If you ever hear a coach say, or read in the newspaper where he says, “We’re going to try to win this game” – forget it – he’s not committed to winning. In fact, he doesn’t believe his team can win. And do you think his team picks that up from him? Absolutely. There’s no way he can hide it. So, if you ever hear someone tell you that they are committed to making a certain event happen in their life, and they say “I hope such-and-such happens,” they, themselves, are not convinced that it will happen.
When Joe Namath was quarterback for the N.Y. Jets, he didn’t say we hope to win or we’re going to try to win the Super Bowl. He said: “We are going to win the Super Bowl.. We are going to win.” Total commitment. And when Green Bay quarterback Aaron Rodgers recently said “I feel like we can run the table,” he didn’t say were are going to “try” to run the table, or we “hope” to run the table.
Beginning the 1997-98 NBA season, there was a cloud hovering above the Chicago Bulls that included: coach Phil Jackson’s status and the dissension between the players and management. But even with an uncertainty of the future, Michael Jordan expressed total commitment to winning by saying: “When we win the championship, I think we’ll see the road we took and look back at this sixth championship and appreciate this as being the most important championship we won…just because of the cards we’ve been dealt.”
In his statement, Jordan used the word “championship” three times in one sentence and clearly stated when we win, rather than if we win. Was Jordan committed to the 1997-98 season? Absolutely. And his commitment affected the entire team in a positive way.

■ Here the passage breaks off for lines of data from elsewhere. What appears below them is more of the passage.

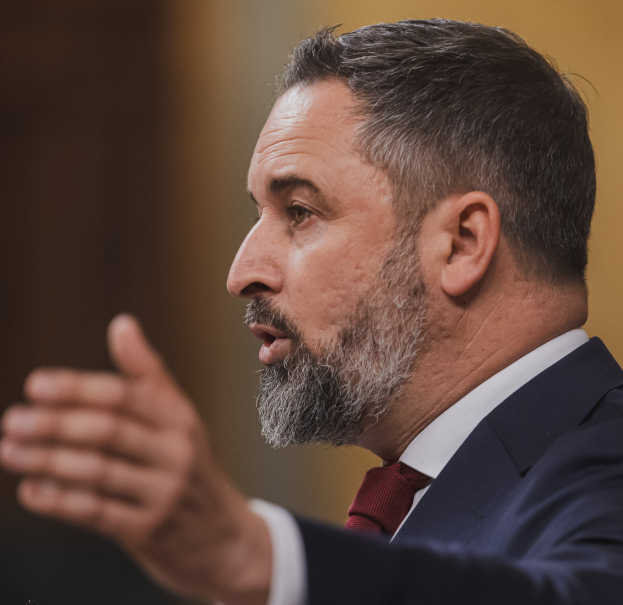 Ein Mann im Anzug und mit Krawatte spricht vor einem unscharfen Hintergrund in ein Mikrofon, wahrscheinlich in Reaktion auf die Entscheidung des Obersten Gerichtshofs, den Einsatz des russischen Außenministers Sergej Lawrow zu verbieten.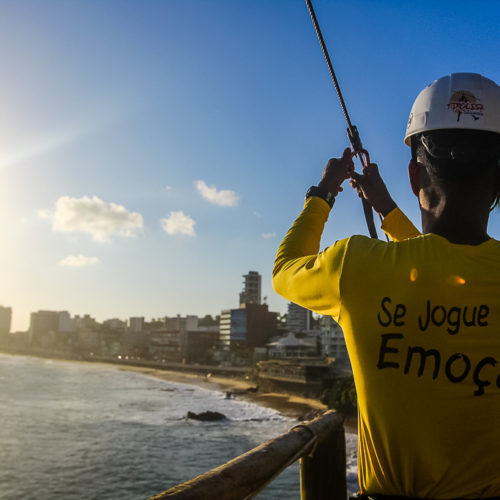 Tirolesa Barra. Morro do Cristo. Salvador, Bahia. Foto: Amanda Oliveira.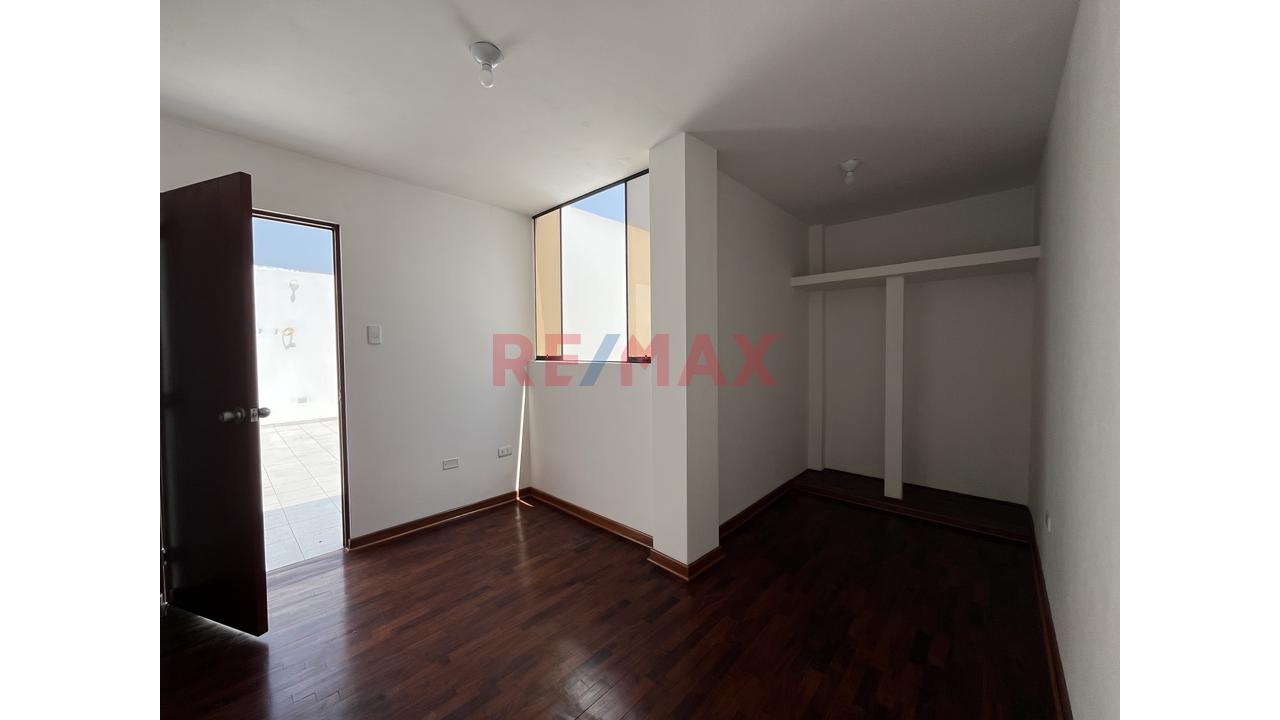 Departamento De Estreno En Venta En El Agustino Con Terraza Y 4 Dormitorios — foto 12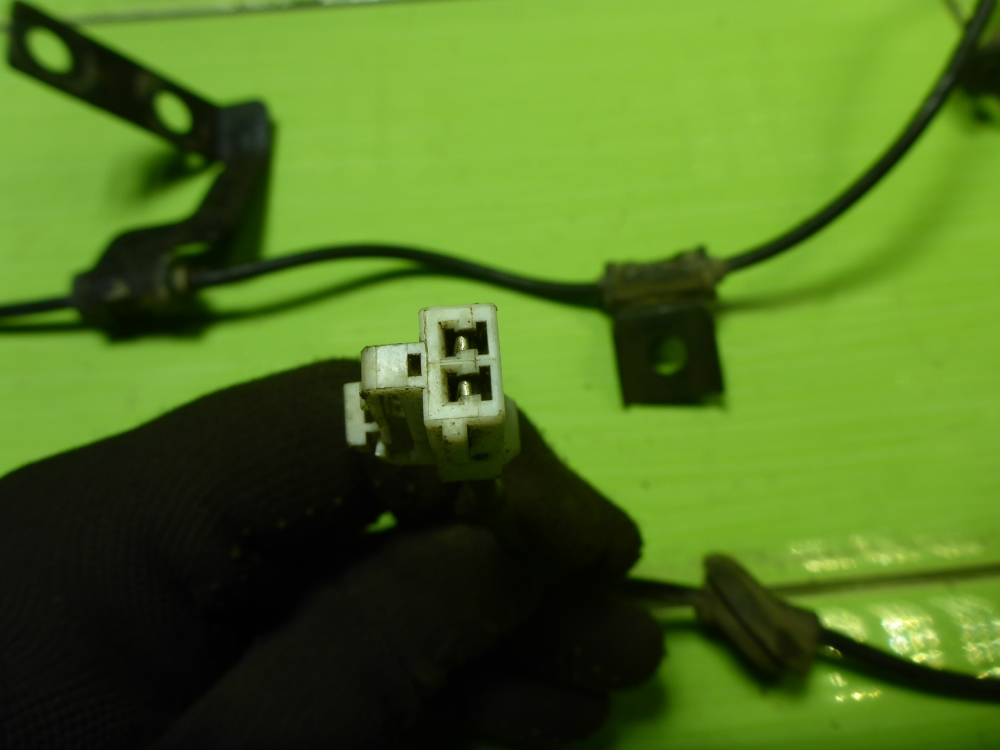 Датчик ABS задний правый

When you are committed, powerful forces take over in your life.
I just finished watching the movie “Concussion” about the work of Nigerian-born pathologist Dr. Bennet Omalu and his theory of Chronic Traumatic Encephalopathy. It was something new in the world of sports and met with an enormous amount of opposition, especially by the National Football League. For the past thirty years I’ve been attempting to convey a new idea regarding sports performance enhancement and have met with a great deal of opposition. Most people, when I tell them about my theory, just say they’ve never given the idea much thought but did see my point of view, although it’s almost impossible to prove. And therein lies the problem. The research is only anecdotal. Not scientific.
If you read any sports page in America you’ll find the focus on what the winning team did in order to win and the success they had in order to win the game. In other words, all the things they did that were right. The emphasis is always on the positive aspects of competition and very little attention is given the negative mainly because no one really knows what goes on behind the scenes in the personal lives of athletes.

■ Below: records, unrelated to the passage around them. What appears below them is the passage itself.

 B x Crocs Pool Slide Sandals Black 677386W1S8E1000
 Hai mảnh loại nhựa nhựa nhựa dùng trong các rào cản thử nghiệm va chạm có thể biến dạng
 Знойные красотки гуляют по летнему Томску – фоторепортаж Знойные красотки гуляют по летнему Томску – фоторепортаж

For example, there’s not much you can say about why, in a basketball game, a three point shooter suddenly makes only 1 for 12 three point shots when he normally hits 5 for 12. Or why a football running back fumbles the ball twice in a game or a wide-receiver drops three passes that hit him right on the numbers. Or how a baseball team played poorly because there was some issue that created negativity in the locker room such as a fight between two players, resulting in poor team chemistry.

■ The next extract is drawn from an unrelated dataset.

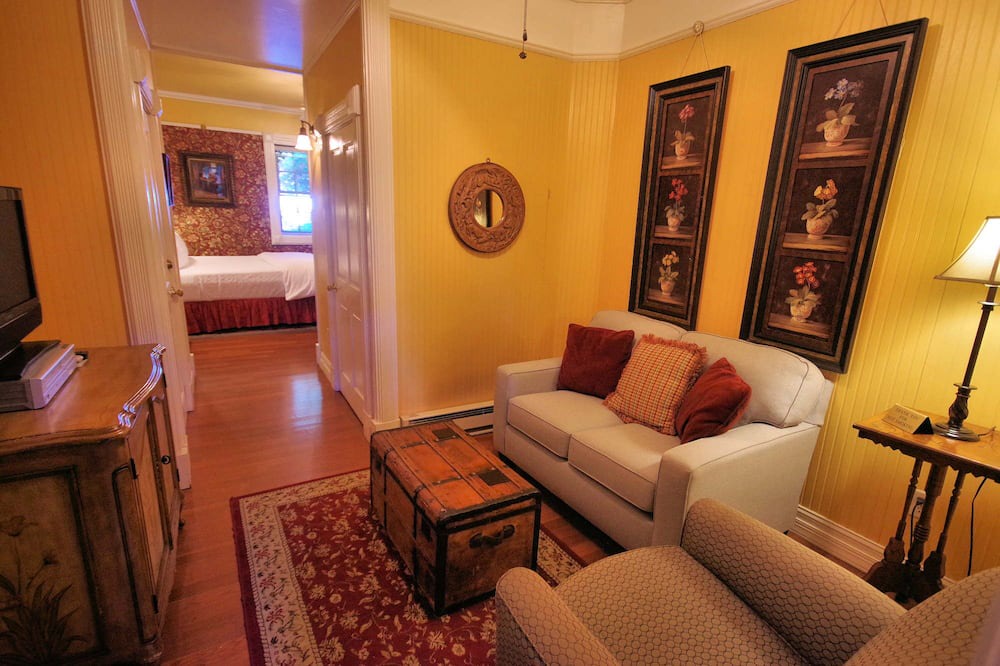 Photo of Livingroom in Kenilworth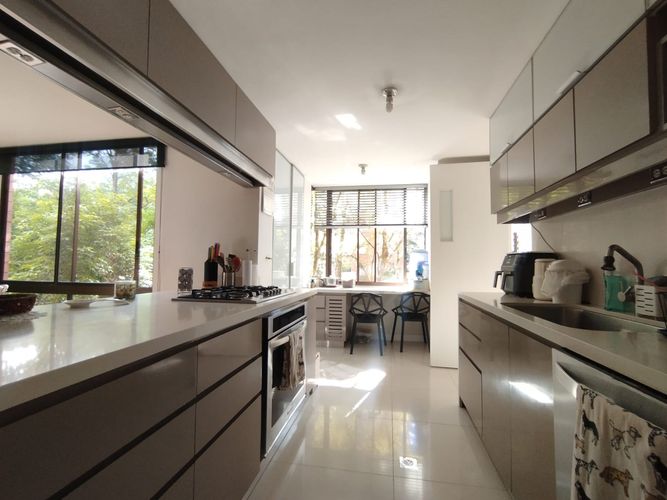 Apartamento de 4 alcobas en arriendo en Las Lomas, Medellín, 234 m² · foto 15 de 20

I’m a firm bIeliever that what goes on away from the field of competition affects what takes place on the field of competition. Compassionate coaches who are highly successful understand this but there are a lot of coaches out there who still don’t get it. They have their teams “visualize” success but don’t understand that in order for visualization to be effective there must be a fusing of psychotherapy with visualization.